Data under study Start Marker

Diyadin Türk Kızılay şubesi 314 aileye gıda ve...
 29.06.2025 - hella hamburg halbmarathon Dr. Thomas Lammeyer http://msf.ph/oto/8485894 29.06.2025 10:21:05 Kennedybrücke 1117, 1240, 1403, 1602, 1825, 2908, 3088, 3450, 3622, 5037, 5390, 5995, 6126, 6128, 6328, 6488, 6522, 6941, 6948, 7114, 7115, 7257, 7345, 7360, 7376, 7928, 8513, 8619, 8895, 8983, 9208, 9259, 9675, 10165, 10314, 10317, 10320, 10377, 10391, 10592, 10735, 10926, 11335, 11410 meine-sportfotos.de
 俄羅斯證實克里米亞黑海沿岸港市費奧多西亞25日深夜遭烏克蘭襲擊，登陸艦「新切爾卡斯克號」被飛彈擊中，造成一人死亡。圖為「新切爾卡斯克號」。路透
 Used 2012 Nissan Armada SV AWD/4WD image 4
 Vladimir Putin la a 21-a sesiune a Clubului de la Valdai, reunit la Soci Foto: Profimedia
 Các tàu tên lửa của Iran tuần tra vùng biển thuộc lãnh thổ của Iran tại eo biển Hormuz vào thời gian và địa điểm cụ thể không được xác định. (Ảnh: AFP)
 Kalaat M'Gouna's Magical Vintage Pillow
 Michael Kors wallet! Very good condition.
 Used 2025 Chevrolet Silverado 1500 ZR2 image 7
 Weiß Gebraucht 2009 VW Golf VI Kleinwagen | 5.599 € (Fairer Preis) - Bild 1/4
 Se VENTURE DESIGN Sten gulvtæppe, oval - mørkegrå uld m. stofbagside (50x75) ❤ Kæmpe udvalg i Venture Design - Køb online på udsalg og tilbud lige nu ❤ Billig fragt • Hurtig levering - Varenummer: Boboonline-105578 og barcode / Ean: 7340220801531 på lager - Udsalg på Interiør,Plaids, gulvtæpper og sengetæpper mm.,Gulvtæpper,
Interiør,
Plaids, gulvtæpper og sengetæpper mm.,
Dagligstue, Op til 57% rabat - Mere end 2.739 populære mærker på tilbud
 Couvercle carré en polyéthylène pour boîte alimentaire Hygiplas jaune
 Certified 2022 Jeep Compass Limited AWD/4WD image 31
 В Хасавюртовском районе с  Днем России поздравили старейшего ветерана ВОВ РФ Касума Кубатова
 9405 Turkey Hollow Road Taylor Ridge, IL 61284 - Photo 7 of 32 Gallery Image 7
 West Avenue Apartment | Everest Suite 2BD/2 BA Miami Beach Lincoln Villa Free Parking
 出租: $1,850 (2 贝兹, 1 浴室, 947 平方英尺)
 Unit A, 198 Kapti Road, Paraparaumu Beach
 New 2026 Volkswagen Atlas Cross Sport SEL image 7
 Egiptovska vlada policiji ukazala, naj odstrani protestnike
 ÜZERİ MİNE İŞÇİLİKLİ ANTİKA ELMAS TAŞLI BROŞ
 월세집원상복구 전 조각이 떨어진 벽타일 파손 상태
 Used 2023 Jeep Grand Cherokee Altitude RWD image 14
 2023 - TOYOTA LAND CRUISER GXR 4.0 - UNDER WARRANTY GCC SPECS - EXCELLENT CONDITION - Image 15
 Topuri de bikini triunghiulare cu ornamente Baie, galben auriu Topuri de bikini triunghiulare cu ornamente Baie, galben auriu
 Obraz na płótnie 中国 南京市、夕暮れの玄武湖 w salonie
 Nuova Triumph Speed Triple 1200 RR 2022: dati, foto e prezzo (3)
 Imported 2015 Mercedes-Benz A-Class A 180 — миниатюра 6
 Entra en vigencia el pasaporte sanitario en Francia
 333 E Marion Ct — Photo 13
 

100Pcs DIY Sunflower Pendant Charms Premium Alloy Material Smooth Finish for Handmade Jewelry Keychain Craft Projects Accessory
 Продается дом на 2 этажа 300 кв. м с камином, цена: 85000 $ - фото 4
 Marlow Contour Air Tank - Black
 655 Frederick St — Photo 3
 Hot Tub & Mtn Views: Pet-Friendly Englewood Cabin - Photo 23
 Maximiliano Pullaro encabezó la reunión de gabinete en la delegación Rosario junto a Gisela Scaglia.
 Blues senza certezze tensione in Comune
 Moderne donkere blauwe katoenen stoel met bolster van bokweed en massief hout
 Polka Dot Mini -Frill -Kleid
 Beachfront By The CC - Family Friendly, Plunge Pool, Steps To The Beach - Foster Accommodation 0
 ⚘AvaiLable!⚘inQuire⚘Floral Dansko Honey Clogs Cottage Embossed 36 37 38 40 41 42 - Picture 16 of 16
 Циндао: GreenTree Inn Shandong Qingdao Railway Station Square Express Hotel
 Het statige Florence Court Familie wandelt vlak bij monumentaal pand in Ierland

Data under study End Marker

- The task -
Within the listing above, find every line containing the string "Road" and return it.

- Written response -
 9405 Turkey Hollow Road Taylor Ridge, IL 61284 - Photo 7 of 32 Gallery Image 7
 Unit A, 198 Kapti Road, Paraparaumu Beach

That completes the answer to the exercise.